Copy/Tweak/Paste me:

{
    "Statement": [
        {
            "Effect": "Allow",
            "Action": [
                "s3:ListBucket",
                "s3:GetBucketLocation",
                "s3:ListBucketMultipartUploads"
            ],
            "Resource": "arn:aws:s3:::<BUCKET NAME>"
        },
        {
            "Effect": "Allow",
            "Action": [
                "s3:AbortMultipartUpload",
                "s3:DeleteObject",
                "s3:DeleteObjectVersion",
                "s3:GetObject",
                "s3:GetObjectAcl",
                "s3:GetObjectVersion",
                "s3:GetObjectVersionAcl",
                "s3:PutObject",
                "s3:PutObjectAcl",
                "s3:PutObjectAclVersion"
            ],
            "Resource": "arn:aws:s3:::<BUCKET NAME>/*"
        },
        {
            "Effect": "Allow",
            "Action": "s3:ListAllMyBuckets",
            "Resource": "*"
        },
        {
            "Effect": "Allow",
            "Action": "cloudfront:CreateInvalidation",
            "Resource": "*"
        }
    ]
}

Create a CloudFront Distribution

  1. Create a new Cloudfront distribution in the AWS console.
  2. Set an Origin to your S3 bucket. There’s a trick here.

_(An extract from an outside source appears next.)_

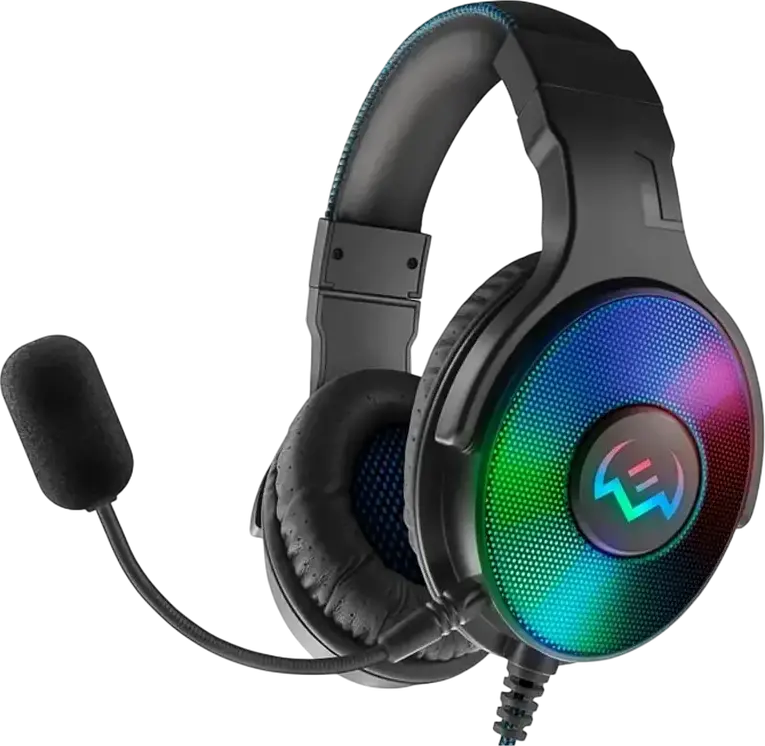 SVEN AP-U1500MV Gaming Headset, 7.1 Virtual Surround Sound, RGB Backlight, 50mm Dynamic Drivers, Detachable Omnidirectional Mic, USB Connection, Black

Since we enabled Static Website Hosting on the bucket you can just use the hosting DNS name. You can get it from the bucket’s Properties > Static website hosting configuration. For example, this blog’s is: mostlygeek.com.s3-website-us-east-1.amazonaws.com. I find this easier than using the pure S3 route.
  3. Copy/paste the distribution id into a new CircleCI environment variable as CLOUDFRONT_DISTRIBUTION_ID. This will allow CircleCI to flush Cloudfront’s cache when deploying the site.
  4. If you want an HTTPS certificate you can request a free one from AWS ACM. There’s a big button and a bunch of hoops to jump through but it should be pretty straightforward.

Pointing your DNS at your Cloudfront Distribution

I use R53 for DNS hosting. A really nice feature is being able to create an R53 alias to Cloudfront. This way when your computer resolves mostlygeek.com, it will come back as IP addresses for the closest Cloudfront servers instead of a CNAME.